From top to bottom, retype the data exactly, passing over any picture.

## Stored data
==============================

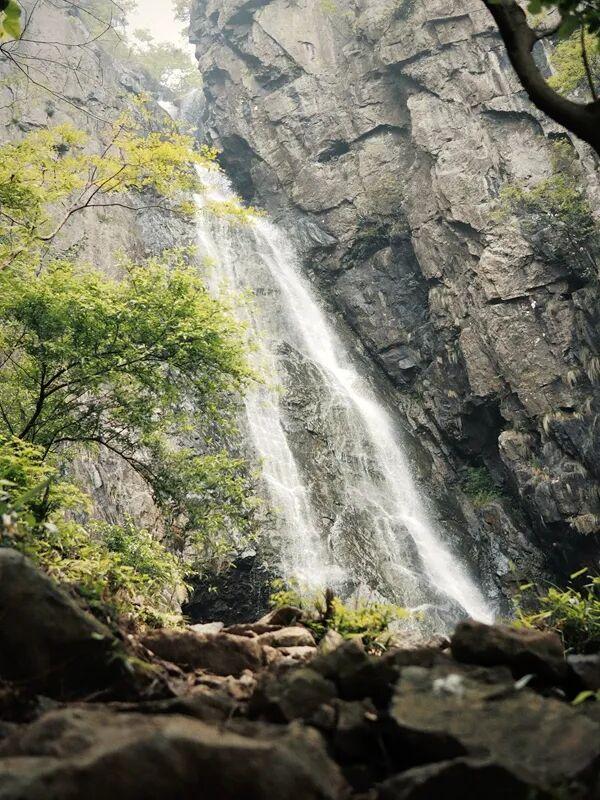 富阳3条古道，全省出名了！经过你们村吗？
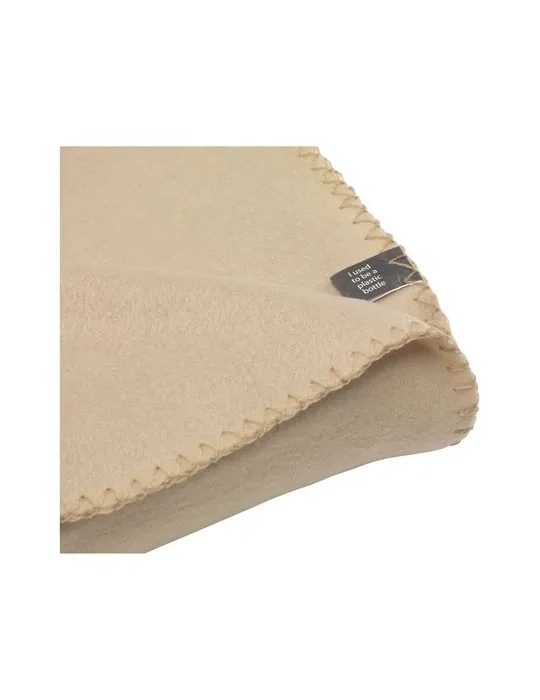 SuperSoft RPET (180 g/m²) plaid en fleece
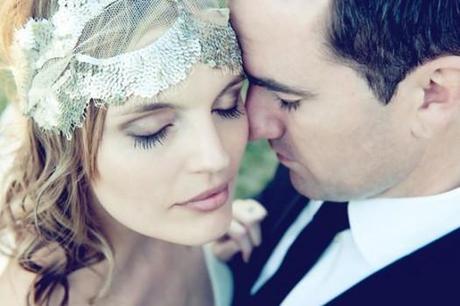 Vestidos de novia vintage, diseños de Johanna Johnson vestidos de novia vintage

==============================

## Your response
 富阳3条古道，全省出名了！经过你们村吗？
 SuperSoft RPET (180 g/m²) plaid en fleece
 Vestidos de novia vintage, diseños de Johanna Johnson vestidos de novia vintage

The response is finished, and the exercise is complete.